Collected data =>
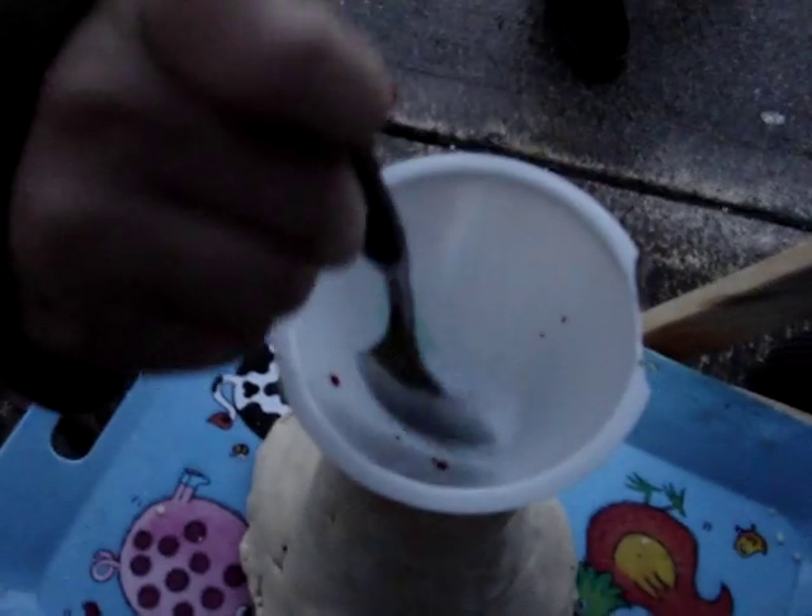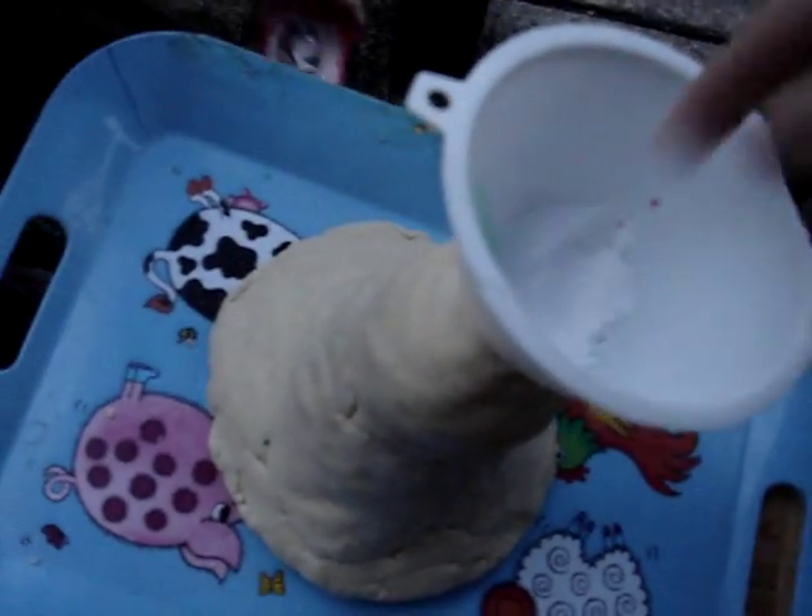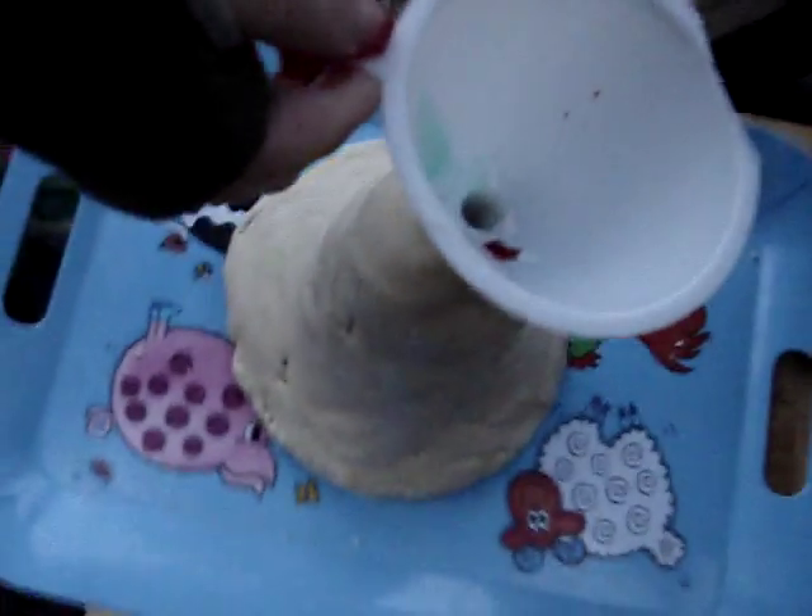Now what's the next ingredient Luke? Add two tablespoons of baking soda. Two tablespoons of baking soda. Now we're doing four tablespoons. Two tablespoons of baking soda. Here we go.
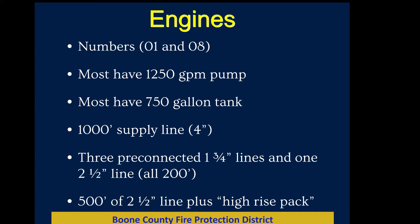Engines have three pre-connected inch-and-three-quarter lines and one pre-connected two-and-a-half-inch hand line, all 200 feet long. On the Pierces, the inch-and-three-quarter pre-connects are right over the pump panel. On the Rosenbauers, there's one on the front bumper and two on the back bumper. Everyone has a two-and-a-half-inch pre-connect that comes off the hose bed in the back. All pre-connected lines on our department are 200 feet long.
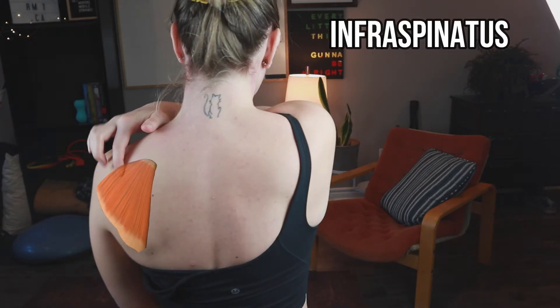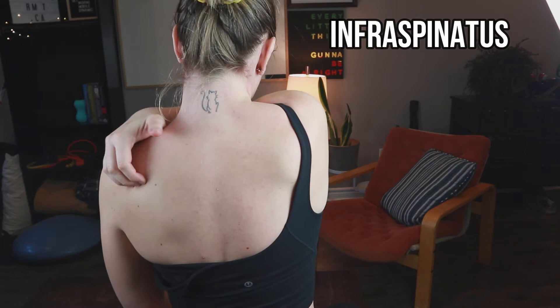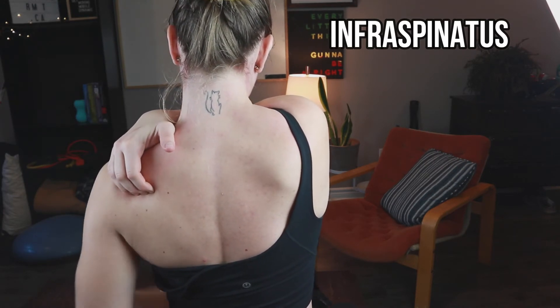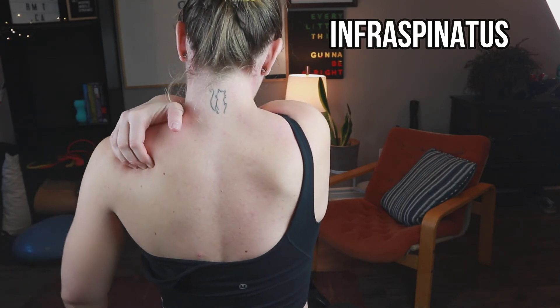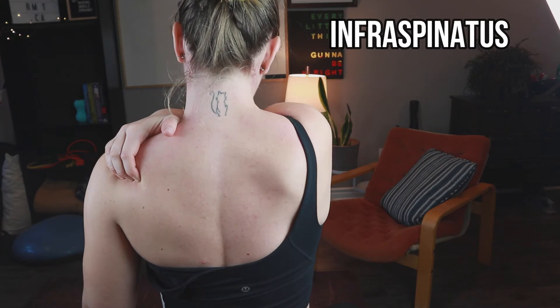To massage the infraspinatus, we need to find the spine of the shoulder blade. Once we've found it, we're going to work below that spine. We're going to curl our fingers and push up along the spine of the shoulder blade. You can work your fingers all the way down the spine of the shoulder blade, moving towards the shoulder.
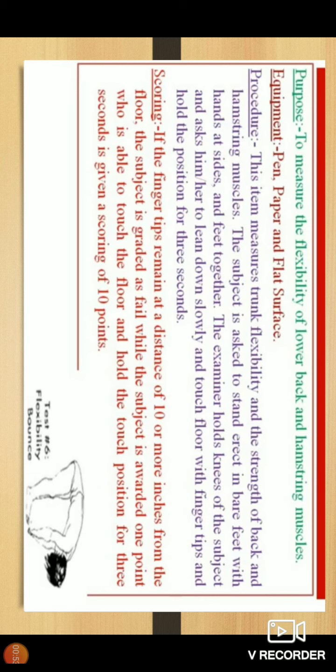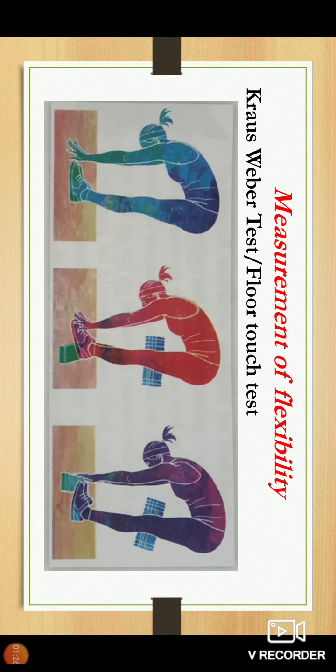This item measures trunk flexibility and strength of back and hamstring muscles. The subject is asked to stand erect and bare feet with hands at sides and feet together. The examiner holds the knees of the subject and asks him or her to lean down slowly and touch the floor with fingertips and hold the position for three seconds.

Exercise description => Return the full listing exactly as it appears above, without its pictures.

Written response =>
Now what's the next ingredient Luke? Add two tablespoons of baking soda. Two tablespoons of baking soda. Now we're doing four tablespoons. Two tablespoons of baking soda. Here we go.
Engines have three pre-connected inch-and-three-quarter lines and one pre-connected two-and-a-half-inch hand line, all 200 feet long. On the Pierces, the inch-and-three-quarter pre-connects are right over the pump panel. On the Rosenbauers, there's one on the front bumper and two on the back bumper. Everyone has a two-and-a-half-inch pre-connect that comes off the hose bed in the back. All pre-connected lines on our department are 200 feet long.
To massage the infraspinatus, we need to find the spine of the shoulder blade. Once we've found it, we're going to work below that spine. We're going to curl our fingers and push up along the spine of the shoulder blade. You can work your fingers all the way down the spine of the shoulder blade, moving towards the shoulder.
This item measures trunk flexibility and strength of back and hamstring muscles. The subject is asked to stand erect and bare feet with hands at sides and feet together. The examiner holds the knees of the subject and asks him or her to lean down slowly and touch the floor with fingertips and hold the position for three seconds.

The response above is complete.